Convertible Notes are a common tool amongst early stage tech investors. Notes are a great way for startups to raise early capital without needing to establish a priced equity round. That being said, if you invest in a startup using a Convertible Note either directly or via an SPV you should be aware of differentiated tax treatment from investing in a priced equity round.
Convertible Notes are debt and structured like traditional debt, with a set interest rate and terms. Now these terms are often favorable to the company and involve no repayment on the interest till maturity or conversion of the note into stock and allows the company to pay that interest via additional shares. Sounds pretty harmless, no money is actually being moved or paid so why would that create any tax headaches?
Interest, paid in cash or accrued over a period of time is reported as what is known as OID or original issue discount income. This income, which is a result of the interest must be recorded on a form 1099 OID by the company and then filed as part of the investors tax returns. Investors need to file this form and record that income if they file both on a cash basis or accrual basis.

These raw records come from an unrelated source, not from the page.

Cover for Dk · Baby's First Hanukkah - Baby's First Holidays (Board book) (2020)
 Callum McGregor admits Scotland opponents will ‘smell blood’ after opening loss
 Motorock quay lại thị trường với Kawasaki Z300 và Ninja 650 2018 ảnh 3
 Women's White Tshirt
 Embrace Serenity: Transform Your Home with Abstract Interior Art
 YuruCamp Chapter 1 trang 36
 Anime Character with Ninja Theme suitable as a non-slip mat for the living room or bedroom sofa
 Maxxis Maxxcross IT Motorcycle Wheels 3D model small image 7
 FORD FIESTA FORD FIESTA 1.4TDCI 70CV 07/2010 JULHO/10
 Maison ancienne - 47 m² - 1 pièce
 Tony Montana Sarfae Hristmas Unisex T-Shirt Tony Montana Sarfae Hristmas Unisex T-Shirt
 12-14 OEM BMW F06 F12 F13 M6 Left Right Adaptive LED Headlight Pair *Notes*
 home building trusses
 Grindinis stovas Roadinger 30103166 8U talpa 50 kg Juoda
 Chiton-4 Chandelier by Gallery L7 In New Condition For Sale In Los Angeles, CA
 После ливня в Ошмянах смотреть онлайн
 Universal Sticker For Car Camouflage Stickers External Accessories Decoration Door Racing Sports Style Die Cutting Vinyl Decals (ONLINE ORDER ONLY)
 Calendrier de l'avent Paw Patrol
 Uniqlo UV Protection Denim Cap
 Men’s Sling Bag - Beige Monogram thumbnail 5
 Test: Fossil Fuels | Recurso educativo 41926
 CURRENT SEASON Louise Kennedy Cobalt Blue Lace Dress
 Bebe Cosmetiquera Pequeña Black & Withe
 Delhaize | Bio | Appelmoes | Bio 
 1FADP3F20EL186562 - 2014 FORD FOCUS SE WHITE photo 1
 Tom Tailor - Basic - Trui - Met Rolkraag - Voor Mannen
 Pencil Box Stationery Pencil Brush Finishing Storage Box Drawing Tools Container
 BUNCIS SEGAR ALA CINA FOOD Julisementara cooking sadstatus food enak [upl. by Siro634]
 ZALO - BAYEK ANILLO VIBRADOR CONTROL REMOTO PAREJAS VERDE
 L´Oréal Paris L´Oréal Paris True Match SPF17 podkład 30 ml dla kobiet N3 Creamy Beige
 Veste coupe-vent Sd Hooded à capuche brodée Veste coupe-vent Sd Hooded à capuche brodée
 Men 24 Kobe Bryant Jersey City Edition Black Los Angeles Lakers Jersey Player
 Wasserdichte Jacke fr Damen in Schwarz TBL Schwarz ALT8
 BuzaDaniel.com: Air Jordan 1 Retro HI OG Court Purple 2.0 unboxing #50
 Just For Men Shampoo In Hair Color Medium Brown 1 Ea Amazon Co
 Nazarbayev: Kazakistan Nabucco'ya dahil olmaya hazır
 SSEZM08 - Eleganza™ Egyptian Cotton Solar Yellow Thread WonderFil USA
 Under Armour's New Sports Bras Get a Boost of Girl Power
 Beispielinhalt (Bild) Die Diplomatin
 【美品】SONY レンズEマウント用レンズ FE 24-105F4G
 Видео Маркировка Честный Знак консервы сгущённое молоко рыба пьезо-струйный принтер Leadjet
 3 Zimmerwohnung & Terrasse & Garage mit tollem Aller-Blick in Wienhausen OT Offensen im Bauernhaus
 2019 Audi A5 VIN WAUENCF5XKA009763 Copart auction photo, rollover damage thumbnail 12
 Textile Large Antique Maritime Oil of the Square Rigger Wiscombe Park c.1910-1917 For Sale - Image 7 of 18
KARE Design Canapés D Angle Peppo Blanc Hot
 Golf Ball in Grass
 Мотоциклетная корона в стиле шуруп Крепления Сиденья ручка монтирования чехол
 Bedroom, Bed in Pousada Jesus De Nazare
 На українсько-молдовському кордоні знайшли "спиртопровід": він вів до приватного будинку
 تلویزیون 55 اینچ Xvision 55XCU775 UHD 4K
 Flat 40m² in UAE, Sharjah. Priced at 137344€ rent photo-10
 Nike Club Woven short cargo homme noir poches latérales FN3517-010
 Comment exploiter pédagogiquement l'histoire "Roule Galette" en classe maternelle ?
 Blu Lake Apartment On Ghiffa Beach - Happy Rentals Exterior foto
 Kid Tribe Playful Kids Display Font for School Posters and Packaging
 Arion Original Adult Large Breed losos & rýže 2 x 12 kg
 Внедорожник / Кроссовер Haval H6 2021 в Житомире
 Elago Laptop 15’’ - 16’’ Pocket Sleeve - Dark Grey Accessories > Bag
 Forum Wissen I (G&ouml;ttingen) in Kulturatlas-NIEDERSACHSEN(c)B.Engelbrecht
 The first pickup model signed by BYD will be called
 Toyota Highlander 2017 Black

If you invested via an SPV, the 1099 OID would be issued to the SPV and the SPV would need file taxes and issue K-1’s to each investor to properly document the pass through of that income to each partner in the SPV.
While Convertible Notes can make it simpler and easier for founders to raise capital without the burden of needing a priced round but that comes with the added tax filling complexity of the 1099 OID and if using an SPV, K-1’s for all partners.